In the complex psychology of the super-rich, victimhood is a natural concomitant to entitlement.  Tom Perkins, a Californian tech venture capitalist, described the treatment of the 1% as akin to the Nazis’ treatment of the Jews.  “There was a period of remorse and apology for banks. I think that period needs to be over.”  Bob Diamond of Barclays, ecxuses himself and others ffom culpability.

 By the same token,others possess a sense of innate superiority.  Lloyd Blankfein, the chairman and CEO of Goldman Sachs, spoke for many of his group when he famously quipped that he was “doing God’s work”. Warren Buffett and Bill Gates have come to believe that they are best placed to spend the money that might otherwise have gone into state budgets from taxation. These titans believe that the same brainpower that produced technological invention and financial speculation can be transferred to solving some of the world’s most intractable problems in health and poverty.

 It matters not a jot how they made their money. The 1% all claim to be self-made (the truth is usually less romantic). They display skill, guile and tenacity to get to the top, and they cannot understand why anybody might resent their success. The people who are blamed for the economic crisis and for widening inequality are still living in their parallel worlds, raking in the bonuses, taking their private jets to their private islands, while doling out the odd scrap known as philanthropy.
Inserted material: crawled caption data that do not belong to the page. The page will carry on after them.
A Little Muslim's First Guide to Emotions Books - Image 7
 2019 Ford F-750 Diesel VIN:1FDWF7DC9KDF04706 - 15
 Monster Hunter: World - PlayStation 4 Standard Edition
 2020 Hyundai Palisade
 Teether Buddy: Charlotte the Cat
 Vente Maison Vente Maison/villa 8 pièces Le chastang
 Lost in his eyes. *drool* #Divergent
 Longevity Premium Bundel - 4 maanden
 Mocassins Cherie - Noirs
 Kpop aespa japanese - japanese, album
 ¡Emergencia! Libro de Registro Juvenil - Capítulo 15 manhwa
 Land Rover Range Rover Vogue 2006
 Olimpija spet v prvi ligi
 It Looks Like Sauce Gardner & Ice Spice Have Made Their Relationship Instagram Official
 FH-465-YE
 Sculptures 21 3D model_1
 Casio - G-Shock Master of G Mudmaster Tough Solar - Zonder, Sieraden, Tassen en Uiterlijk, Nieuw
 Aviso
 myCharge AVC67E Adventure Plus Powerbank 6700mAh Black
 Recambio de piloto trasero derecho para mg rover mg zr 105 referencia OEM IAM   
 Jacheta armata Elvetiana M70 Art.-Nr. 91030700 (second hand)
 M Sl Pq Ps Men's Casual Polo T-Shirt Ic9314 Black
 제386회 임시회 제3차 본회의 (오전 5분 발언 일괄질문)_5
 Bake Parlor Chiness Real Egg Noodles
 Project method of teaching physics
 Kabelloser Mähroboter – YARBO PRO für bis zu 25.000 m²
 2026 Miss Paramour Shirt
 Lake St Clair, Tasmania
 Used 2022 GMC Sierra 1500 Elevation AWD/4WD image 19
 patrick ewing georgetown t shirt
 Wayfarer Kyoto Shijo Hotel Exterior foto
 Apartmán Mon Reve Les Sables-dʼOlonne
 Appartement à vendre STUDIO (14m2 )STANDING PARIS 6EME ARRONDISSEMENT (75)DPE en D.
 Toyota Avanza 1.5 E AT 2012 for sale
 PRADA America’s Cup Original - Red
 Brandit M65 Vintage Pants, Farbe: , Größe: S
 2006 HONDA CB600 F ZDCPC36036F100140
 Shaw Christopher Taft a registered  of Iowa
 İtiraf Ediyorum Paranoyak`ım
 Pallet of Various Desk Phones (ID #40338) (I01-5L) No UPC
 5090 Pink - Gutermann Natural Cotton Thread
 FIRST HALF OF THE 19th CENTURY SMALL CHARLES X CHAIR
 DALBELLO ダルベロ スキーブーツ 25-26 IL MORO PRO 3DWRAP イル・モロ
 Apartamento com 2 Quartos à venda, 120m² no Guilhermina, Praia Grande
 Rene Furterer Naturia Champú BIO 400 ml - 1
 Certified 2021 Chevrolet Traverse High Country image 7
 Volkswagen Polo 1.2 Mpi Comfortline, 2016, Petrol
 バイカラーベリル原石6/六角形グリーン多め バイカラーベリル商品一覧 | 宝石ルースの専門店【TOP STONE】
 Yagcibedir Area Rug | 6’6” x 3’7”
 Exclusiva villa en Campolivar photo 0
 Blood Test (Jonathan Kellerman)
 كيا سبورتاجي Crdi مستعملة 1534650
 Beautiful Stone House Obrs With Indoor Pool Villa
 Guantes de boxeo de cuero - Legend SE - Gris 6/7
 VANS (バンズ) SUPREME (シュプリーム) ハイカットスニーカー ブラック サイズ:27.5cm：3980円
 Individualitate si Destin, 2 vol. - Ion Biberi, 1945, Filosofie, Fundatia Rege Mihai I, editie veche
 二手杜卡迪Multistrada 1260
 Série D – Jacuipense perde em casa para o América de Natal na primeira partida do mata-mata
The Super-rich mix with a narrow group of similar-minded people, sparring with each other at the same auctions, fraternising on each other’s yachts. They compare themselves only against each other, leading them often to be dissatisfied with their lot, believing themselves to be not wealthy or powerful enough. They pay as little back to the state in tax as they can get away with. They reinforce each other in their certainties, convinced that their acquisition of wealth, and spending of it through charitable enterprise, has earned them their place at the apex of global decision-making and moral supremacy.



Adapted from here

1 comment:

ajohnstone said...

According to the most recent Federal Reserve Flow of Funds report, US households currently have an all-time high $82 trillion in overall wealth. If that wealth were spread out evenly, every US household would now have $712,000. However, as of the end of 2013, the median household only had $56,000 in wealth. From 2007 – 2013, overall wealth increased 26%, while the median household lost a shocking 43% of their wealth.

The latest comprehensive look at wealth distribution data reveals that the “ultra-rich” economic top 0.01% of US households now has an all-time high 11.1% of overall wealth. The next tier, the 99.9% – 99.99% has 10.4%, and the top 99% – 99.9% has 18.3%. In total, the top 1% now has an all-time high 39.8% of wealth. When we correlate wealth distribution percentages with the $82 trillion in overall wealth reported by the Federal Reserve, it reveals that the top .01% has a stunning $9.1 trillion in wealth. In total, the top 1% has a mind-blowing $32.6 trillion (To begin to comprehend wealth of this magnitude, one trillion is equal to 1000 billion. $32.6 trillion written out is $32,600,000,000,000.00. ) 40% of the 1%’s accounted for wealth is sitting idle. That’s an astonishing $13 trillion in wealth hoarded away, unused. However, as scandalous as these statistics are, they do not factor in trillions of dollars more in unaccounted for offshore wealth, which makes the overall situation sound significantly better than it actually is and hides the true depth of the crisis from popular consciousness. The .01% hide $21 trillion to $32 trillion in these offshore tax havens, with the top seven US banks hiding over $10 trillion.